RcppArrayFire 0.0.2: Rcpp integration for ArrayFire

The RcppArrayFire package uses Rcpp to provide an interface from R to and from the ArrayFire library, an open source library that can make use of GPUs and other hardware accelerators via CUDA or OpenCL.

The official R bindings expose ArrayFire data structures as objects in R, which would require a large amount of code to support all the methods defined in ArrayFire’s C/C++ API. RcppArrayFire instead, which is derived from RcppFire by Kazuki Fukui, follows the lead of packages like RcppArmadillo or RcppEigen to provide seamless communication between R and ArrayFire at the C++ level.

Installation

Please note that currently RcppArrayFire has only been tested on Linux systems.

Prerequisites

In order to use RcppArrayFire you will need development tools for R, Rcpp and the ArrayFire library and header files. On a sufficiently recent Debian based or derived system, this can be achieved with:

sudo apt-get install r-base-dev r-cran-rcpp libarrayfire-dev libarrayfire-unified3 

This will install the unified and CPU backends. The CUDA backend has not been packaged for Debian, and usage of the packaged OpenCL backend is hindered by a bug in the clBLAS package. For serious usage it is currently better to build from source or use the binary installer from ArrayFire:

sudo apt-get install r-base-dev r-cran-rcpp libglfw3
# download installer from http://arrayfire.com/download/
sudo sh arrayfire-installer.sh --exclude-subdir --prefix=/usr/local

In the last command you have to adjust the name of the installer script and (optionally) the installation prefix. For GPU support, you have to install additional drivers. For many build-in Intel GPUs, you can use

sudo apt-get install beignet-opencl-icd ocl-icd-libopencl1

Installing CUDA or other OpenCL drivers is beyond the scope of this post, but see the ArrayFire documentation for details.

Package installation

RcppArrayFire is not on CRAN, but you can install the current version via drat:

#install.packages("drat")
drat::addRepo("RInstitute")
install.packages("RcppArrayFire")

If you have installed ArrayFire in a non-standard directory, you have to use the configure argument --with-arrayfire:

install.packages("RcppArrayFire", configure.args = "--with-arrayfire=/opt/arrayfire-3")

Usage

Calculating pi by simulation

Let’s look at the classical example of calculating pi via simulation. The basic idea is to generate a large number of random points within the unit square. An approximation for pi can then be calculated from the ratio of points within the unit circle to the total number of points. A vectorized implementation in R might look like this:

piR <- function(N) {
    x <- runif(N)
    y <- runif(N)
    4 * sum(sqrt(x^2 + y^2) < 1.0) / N
}

set.seed(42)
system.time(cat("pi ~= ", piR(10^7), "\n"))
## pi ~=  3.140899
##    user  system elapsed 
##   0.688   0.076   0.766

A simple way to use C++ code in R is to use the inline package or cppFunction() from Rcpp, which are both possible with RcppArrayFire. An implementation in C++ using ArrayFire might look like this:

src <- '
double piAF (const int N) {
    array x = randu(N, f32);
    array y = randu(N, f32);
    return 4.0 * sum<float>(sqrt(x*x + y*y) < 1.0) / N;
}'
Rcpp::cppFunction(code = src, depends = "RcppArrayFire", includes = "using namespace af;")

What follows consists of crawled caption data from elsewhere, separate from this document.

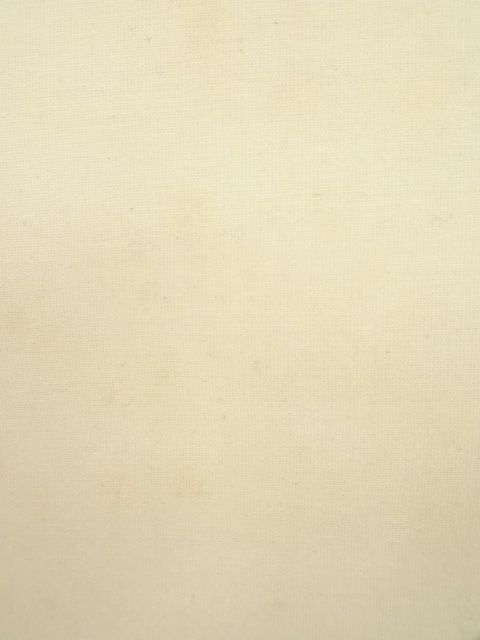 道具 ] - 道具 丙辰（1916年） 山田介堂筆 ずいき 肉筆絹本掛軸（保護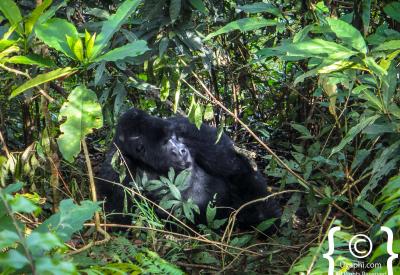 Gorilla family group foraging Bwindi Impenetrable Forest Uganda wildlife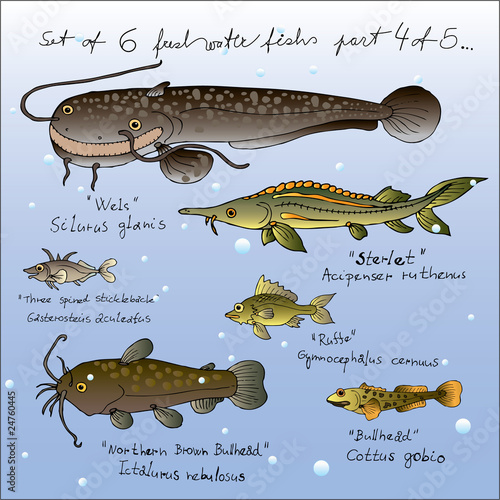 set of vector freshwater fishs 4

RcppArrayFire::arrayfire_set_seed(42)
system.time(cat("pi ~= ", piAF(10^7), "\n"))
## pi ~=  3.141066
##    user  system elapsed 
##   0.036   0.024  0.019

Several things are worth noting:

(1) The syntax is almost identical. Besides the need for using types and a different function name when generating random numbers, the argument f32 to randu as well as the float type catches the eye. These instruct ArrayFire to use single precision floats, since not all devices support double precision floating point numbers. If you want to use double precision, you have to specify f64 and double.

(2) The results are not the same, since ArrayFire uses a different random number generator.

(3) The speed-up is quite impressive. However, sometimes the first invocation of a function is not as fast as expected due to the just-in-time compilation used by ArrayFire.

Arrays as parameters

Up to now we have only considered simple types like double or int as function parameters and return values. However, we can also use arrays. Consider the matrix product X’ X for a random matrix X in R:

set.seed(42)
N <- 40
X <- matrix(rnorm(N * N * 2), ncol = N)
tXXR <- t(X) %*% X

The matrix multiplication can be implemented with RcppArrayFire using the appropriate matmul function:

src <- '
af::array squareMatrix(const RcppArrayFire::typed_array<f32>& x) {
    return af::matmulTN(x ,x);
}'
Rcpp::cppFunction(code = src, depends = "RcppArrayFire")
tXXGPU <- squareMatrix(X)

all.equal(tXXR, tXXGPU)
## [1] "Mean relative difference: 1.372856e-07"

Since an object of type af::array can contain different data types, the templated wrapper class RcppArrayFire::typed_array<> is used to indicate the desired data type when converting from R to C++. Again single precision floats are used with ArrayFire, which explains the difference between the two results. We can be sure that double precision is supported by switching the computation backend to “CPU”, which produces identical results:

src <- '
af::array squareMatrixF64(const RcppArrayFire::typed_array<f64>& x) {
    return af::matmulTN(x ,x);
}'
Rcpp::cppFunction(code = src, depends = "RcppArrayFire")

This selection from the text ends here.